Brief =>
Nothing but the lines from the one containing "Leonardo da Vinci Wallpaper" through the one containing "Day - 2 Introduction", both included, should be given again, each exactly as written below.

=== Data ===

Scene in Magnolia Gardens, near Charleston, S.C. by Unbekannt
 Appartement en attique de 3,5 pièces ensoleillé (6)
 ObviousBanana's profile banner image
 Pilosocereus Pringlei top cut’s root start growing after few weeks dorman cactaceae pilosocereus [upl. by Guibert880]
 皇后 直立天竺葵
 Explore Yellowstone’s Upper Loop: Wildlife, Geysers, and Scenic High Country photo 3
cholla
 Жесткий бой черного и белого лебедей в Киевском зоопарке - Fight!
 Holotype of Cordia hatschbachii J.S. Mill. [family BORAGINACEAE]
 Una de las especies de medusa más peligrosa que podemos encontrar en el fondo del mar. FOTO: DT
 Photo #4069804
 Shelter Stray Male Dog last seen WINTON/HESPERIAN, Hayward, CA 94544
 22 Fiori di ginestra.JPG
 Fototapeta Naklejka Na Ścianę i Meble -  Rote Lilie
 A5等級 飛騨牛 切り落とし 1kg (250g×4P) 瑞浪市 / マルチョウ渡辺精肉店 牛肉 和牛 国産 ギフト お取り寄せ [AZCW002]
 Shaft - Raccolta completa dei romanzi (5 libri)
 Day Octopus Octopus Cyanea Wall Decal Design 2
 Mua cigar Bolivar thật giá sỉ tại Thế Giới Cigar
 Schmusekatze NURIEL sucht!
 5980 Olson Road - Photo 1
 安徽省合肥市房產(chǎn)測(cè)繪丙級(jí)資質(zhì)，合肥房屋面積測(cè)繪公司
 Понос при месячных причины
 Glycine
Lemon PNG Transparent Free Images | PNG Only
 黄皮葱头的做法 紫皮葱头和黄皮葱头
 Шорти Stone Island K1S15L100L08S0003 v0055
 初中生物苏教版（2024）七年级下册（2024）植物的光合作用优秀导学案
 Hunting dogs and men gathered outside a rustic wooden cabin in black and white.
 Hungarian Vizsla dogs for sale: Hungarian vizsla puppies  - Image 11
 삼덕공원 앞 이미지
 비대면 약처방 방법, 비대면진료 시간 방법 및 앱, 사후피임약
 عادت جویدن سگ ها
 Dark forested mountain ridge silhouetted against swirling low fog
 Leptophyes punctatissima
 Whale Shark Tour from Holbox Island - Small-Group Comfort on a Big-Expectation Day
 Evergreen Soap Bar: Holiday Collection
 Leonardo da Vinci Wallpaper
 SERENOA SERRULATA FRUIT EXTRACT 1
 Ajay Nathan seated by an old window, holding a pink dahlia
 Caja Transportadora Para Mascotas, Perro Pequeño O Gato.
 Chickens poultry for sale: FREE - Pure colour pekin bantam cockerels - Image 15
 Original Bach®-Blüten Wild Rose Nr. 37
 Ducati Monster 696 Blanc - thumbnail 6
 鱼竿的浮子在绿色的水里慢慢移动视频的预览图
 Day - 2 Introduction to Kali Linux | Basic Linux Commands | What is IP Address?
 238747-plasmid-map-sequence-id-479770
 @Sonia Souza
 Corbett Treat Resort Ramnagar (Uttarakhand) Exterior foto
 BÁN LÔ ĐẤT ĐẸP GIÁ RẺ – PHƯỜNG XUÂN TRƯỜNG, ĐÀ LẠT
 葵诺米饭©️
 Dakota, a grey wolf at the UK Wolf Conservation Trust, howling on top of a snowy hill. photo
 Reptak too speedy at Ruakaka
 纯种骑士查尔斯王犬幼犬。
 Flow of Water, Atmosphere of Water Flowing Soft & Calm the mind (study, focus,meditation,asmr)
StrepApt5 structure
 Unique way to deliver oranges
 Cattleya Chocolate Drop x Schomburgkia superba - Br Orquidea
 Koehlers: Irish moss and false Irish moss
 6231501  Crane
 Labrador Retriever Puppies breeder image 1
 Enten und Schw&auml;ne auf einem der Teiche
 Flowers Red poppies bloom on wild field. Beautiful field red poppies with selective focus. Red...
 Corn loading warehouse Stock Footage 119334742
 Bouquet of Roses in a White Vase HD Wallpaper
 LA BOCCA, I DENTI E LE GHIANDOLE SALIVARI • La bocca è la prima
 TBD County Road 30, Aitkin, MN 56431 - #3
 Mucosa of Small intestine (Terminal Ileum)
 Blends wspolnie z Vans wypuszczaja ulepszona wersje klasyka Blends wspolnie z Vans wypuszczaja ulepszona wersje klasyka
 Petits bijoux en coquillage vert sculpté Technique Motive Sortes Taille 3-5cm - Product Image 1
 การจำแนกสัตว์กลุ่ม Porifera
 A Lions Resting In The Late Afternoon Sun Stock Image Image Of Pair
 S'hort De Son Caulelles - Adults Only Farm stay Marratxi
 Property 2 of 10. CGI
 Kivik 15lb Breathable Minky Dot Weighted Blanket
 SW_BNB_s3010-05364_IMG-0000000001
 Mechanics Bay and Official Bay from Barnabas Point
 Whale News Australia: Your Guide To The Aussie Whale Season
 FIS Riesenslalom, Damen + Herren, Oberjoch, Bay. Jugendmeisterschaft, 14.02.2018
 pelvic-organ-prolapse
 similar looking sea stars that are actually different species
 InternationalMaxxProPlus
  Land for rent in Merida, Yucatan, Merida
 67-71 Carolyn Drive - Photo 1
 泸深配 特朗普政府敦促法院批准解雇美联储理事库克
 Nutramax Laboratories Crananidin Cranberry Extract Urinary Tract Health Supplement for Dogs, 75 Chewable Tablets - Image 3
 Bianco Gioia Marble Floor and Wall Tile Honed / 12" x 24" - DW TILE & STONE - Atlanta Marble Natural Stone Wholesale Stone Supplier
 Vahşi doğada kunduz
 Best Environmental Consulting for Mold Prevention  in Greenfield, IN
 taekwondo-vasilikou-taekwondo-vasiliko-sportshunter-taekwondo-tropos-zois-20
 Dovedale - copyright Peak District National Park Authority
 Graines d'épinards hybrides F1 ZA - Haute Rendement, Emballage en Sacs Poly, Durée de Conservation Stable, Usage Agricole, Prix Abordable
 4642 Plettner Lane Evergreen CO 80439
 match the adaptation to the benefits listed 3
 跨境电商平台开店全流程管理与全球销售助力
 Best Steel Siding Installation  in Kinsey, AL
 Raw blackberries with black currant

===

Response =>
 Leonardo da Vinci Wallpaper
 SERENOA SERRULATA FRUIT EXTRACT 1
 Ajay Nathan seated by an old window, holding a pink dahlia
 Caja Transportadora Para Mascotas, Perro Pequeño O Gato.
 Chickens poultry for sale: FREE - Pure colour pekin bantam cockerels - Image 15
 Original Bach®-Blüten Wild Rose Nr. 37
 Ducati Monster 696 Blanc - thumbnail 6
 鱼竿的浮子在绿色的水里慢慢移动视频的预览图
 Day - 2 Introduction to Kali Linux | Basic Linux Commands | What is IP Address?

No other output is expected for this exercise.